Letter from Kevin's Wife
Dear Betty,
You have deeply touched my heart this morning. I am sure that God placed you in my life to let me know He does still love me and He wants me to carry on, I have battled so much with this pain and wondered what I did wrong to make everyone turn against me.
Thank you so much for sharing your heart with me. For a while I was doubting my faith and God, I was struggling so much. I knew that satan was attacking me and I thought at one point it would be easier just to give in and let him have his way. But I guess my faith is much stronger than I imagined because I have not given up yet. I try to reach out to other Christians for support and you Betty have been such an inspiration to me. You have given me the words to comfort me and the strength to face another day. I know the Lord knows my heart and He knows the pain that I face.
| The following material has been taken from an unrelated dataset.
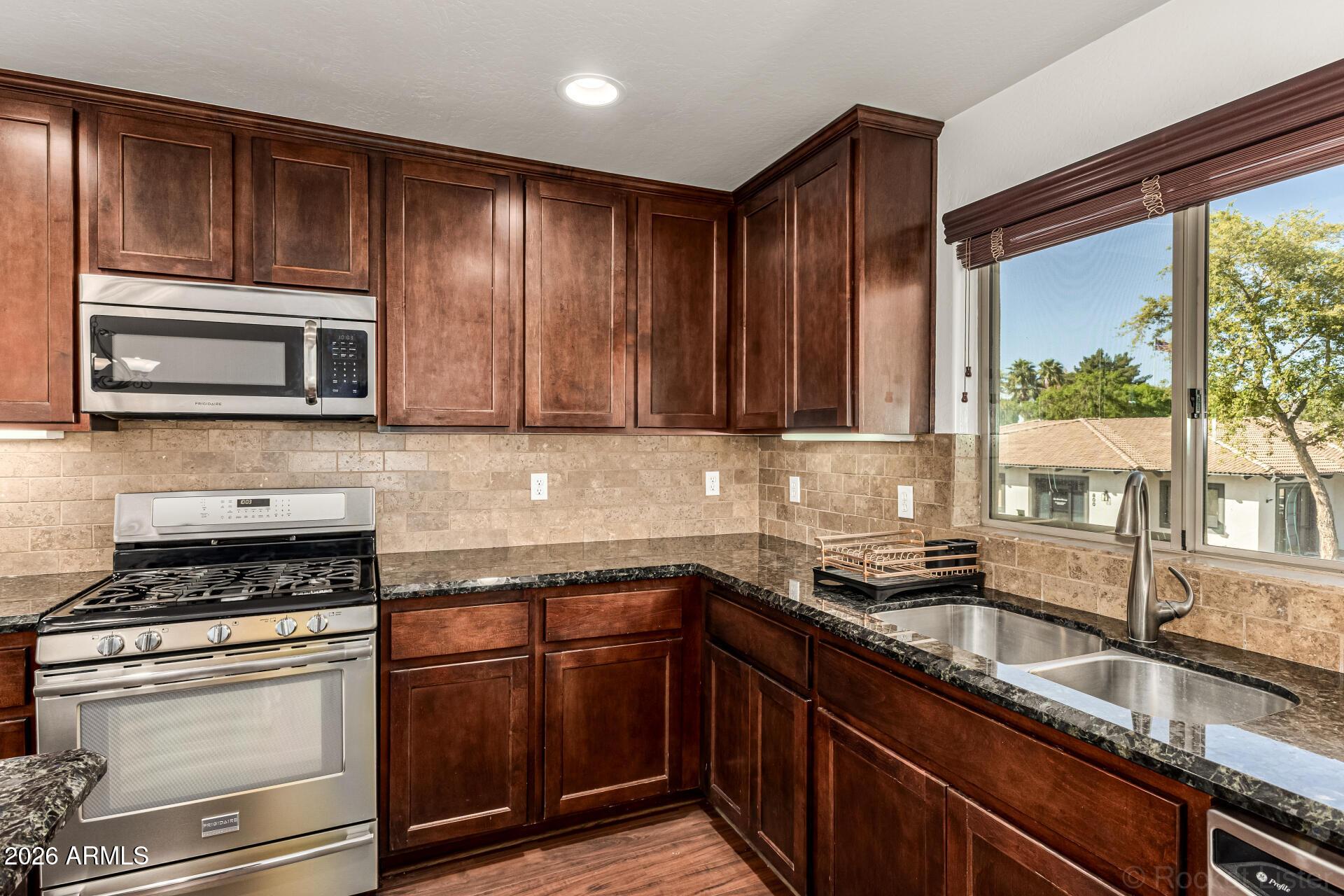 6940 East Cochise Road, Unit 1043 Paradise Valley, AZ 85253 - Photo 14 of 35 a kitchen with granite countertop cabinets stainless steel appliances a sink and window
Five years ago after numerous surgeries Kevin and I were going to have a child, a girl. But in the 5th month of pregnancy the Lord wanted her home. Now He wanted Kevin home and I know Kevin is with our daughter now and they are waiting for me, that is the one thing that keeps me going too. Your letters touch me so deeply and I am so happy the Lord lead us together. I thank you from the bottom of my heart and I appreciate your prayers. I still cry everyday for Kevin, he was truly the love of my life.
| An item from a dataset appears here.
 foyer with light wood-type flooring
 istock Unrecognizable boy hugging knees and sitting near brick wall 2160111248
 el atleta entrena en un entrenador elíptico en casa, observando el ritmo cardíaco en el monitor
I received the quilt you made yesterday and held it and cried. It is so beautiful and the letter you put in there about wrapping up in the quilt in times of comfort just brought me to my knees. I will send it to his mother to let her know that I do still care for her and the anger she is feeling is ok, if she must take it out on me, it really is ok. But I too hurt. I will let her know what a special woman you are and how much you care for the families. Not sure if she will accept it but I will send it to her.
Thank you Betty, you are such a saint.